Search term "Dual": copy each line of the data containing it.

*** DATA SUPPLIED

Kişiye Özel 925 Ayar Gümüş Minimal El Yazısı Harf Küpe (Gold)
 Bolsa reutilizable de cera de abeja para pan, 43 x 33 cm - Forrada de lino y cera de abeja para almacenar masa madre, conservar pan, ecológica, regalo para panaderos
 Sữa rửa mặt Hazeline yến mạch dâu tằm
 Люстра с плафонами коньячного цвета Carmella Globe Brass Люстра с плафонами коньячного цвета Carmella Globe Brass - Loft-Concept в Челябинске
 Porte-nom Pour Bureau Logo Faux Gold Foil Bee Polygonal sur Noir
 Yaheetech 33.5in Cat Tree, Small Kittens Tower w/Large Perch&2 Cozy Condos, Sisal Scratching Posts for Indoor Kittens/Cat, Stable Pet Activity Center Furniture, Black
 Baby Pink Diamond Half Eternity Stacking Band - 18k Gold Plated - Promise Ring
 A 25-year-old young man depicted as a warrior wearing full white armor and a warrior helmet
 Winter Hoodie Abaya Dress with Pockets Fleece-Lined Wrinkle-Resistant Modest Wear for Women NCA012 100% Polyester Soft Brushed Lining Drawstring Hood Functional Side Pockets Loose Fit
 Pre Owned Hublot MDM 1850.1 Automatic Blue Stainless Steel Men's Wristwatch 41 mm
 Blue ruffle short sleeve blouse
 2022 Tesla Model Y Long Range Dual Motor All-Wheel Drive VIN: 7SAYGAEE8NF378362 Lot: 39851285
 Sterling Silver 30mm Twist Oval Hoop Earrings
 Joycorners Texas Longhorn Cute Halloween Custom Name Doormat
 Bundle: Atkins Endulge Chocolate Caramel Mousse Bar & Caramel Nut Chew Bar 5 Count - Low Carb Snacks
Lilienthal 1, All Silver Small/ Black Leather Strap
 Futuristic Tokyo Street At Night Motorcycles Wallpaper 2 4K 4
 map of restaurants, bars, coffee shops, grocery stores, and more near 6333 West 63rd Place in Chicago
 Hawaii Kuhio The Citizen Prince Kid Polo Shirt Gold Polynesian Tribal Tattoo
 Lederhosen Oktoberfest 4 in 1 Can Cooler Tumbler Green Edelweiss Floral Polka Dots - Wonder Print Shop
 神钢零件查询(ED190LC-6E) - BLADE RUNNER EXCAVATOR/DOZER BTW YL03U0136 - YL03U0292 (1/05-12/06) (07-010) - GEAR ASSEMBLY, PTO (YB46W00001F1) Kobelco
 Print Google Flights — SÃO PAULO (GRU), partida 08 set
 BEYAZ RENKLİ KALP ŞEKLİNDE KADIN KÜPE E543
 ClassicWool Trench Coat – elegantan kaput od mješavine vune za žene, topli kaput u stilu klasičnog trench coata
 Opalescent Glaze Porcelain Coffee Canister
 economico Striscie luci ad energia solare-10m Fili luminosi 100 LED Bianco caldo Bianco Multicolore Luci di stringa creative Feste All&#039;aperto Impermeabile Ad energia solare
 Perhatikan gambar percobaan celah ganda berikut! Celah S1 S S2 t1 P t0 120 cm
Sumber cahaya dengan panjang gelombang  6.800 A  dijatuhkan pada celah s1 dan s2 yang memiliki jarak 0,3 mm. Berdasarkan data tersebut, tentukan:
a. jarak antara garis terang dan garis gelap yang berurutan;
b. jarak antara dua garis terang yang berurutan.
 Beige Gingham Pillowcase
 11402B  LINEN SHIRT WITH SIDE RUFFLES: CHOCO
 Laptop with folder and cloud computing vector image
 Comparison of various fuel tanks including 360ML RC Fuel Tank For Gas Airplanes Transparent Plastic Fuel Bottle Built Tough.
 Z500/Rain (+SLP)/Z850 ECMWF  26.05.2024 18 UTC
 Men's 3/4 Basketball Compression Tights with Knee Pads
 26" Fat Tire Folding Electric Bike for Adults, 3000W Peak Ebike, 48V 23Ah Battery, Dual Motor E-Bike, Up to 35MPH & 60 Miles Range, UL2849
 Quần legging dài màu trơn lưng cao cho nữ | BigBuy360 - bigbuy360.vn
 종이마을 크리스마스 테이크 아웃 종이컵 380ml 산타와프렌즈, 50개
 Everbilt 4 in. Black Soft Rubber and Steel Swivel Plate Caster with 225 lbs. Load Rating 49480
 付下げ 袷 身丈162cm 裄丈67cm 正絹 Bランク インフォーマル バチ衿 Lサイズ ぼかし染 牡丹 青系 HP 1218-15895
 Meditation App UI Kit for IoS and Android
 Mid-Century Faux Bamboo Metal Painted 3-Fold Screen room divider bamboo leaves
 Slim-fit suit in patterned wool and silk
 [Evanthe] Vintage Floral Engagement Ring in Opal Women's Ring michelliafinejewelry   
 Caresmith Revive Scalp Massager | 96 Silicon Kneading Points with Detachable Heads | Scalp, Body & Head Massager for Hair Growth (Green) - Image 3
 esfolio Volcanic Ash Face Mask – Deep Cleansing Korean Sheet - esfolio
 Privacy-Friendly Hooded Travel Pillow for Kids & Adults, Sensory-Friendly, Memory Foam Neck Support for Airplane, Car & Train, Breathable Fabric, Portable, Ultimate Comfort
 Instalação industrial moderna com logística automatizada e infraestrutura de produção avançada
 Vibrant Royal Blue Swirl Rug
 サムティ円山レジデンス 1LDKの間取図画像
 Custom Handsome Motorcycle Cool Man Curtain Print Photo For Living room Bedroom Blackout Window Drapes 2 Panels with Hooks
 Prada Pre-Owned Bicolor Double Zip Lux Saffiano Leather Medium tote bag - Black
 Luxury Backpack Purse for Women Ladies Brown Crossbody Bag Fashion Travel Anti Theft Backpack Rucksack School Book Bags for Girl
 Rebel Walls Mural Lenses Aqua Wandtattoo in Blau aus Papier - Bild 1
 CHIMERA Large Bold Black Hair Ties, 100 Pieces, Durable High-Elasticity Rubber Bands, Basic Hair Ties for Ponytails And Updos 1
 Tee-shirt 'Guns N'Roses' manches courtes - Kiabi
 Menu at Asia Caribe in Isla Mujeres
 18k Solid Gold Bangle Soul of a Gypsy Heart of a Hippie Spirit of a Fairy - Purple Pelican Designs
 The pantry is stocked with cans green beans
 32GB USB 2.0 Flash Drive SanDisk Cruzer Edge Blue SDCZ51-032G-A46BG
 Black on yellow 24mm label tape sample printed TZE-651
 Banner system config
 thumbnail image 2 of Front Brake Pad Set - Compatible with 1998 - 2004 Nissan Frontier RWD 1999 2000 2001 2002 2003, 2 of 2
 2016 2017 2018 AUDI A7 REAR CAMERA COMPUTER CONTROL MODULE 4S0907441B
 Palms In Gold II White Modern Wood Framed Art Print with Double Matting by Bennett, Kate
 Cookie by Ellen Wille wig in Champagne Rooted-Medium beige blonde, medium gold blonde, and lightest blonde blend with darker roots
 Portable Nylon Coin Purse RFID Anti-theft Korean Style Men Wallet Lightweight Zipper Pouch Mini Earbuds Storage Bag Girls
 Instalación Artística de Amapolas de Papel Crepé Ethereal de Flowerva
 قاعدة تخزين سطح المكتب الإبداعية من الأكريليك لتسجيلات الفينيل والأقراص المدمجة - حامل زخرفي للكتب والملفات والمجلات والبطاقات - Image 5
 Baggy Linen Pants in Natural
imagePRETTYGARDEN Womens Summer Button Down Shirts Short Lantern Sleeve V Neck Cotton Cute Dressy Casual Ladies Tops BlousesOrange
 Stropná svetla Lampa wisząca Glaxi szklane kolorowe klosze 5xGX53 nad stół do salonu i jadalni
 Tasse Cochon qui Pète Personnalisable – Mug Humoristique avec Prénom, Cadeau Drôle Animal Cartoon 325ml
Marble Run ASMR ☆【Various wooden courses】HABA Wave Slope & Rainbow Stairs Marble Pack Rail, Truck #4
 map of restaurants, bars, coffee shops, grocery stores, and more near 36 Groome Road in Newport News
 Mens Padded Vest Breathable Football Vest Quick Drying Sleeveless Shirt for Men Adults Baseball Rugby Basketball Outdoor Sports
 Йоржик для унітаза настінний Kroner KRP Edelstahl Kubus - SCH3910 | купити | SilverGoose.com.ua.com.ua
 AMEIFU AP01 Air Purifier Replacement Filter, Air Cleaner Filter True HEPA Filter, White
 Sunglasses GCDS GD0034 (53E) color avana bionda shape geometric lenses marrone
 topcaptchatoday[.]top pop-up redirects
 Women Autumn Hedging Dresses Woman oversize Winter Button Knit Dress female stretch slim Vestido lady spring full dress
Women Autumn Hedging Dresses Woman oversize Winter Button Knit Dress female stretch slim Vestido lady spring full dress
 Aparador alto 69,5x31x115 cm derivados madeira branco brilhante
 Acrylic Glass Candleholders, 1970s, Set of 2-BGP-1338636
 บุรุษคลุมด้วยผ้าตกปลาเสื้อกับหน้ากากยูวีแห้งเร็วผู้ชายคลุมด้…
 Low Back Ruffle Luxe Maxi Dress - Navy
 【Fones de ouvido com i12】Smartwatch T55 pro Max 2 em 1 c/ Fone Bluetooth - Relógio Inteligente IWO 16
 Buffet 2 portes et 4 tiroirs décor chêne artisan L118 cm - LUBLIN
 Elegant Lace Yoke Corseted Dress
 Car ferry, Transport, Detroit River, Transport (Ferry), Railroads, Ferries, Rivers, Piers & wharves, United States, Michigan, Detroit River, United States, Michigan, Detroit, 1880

******

TASK RESULT:
 2022 Tesla Model Y Long Range Dual Motor All-Wheel Drive VIN: 7SAYGAEE8NF378362 Lot: 39851285
 26" Fat Tire Folding Electric Bike for Adults, 3000W Peak Ebike, 48V 23Ah Battery, Dual Motor E-Bike, Up to 35MPH & 60 Miles Range, UL2849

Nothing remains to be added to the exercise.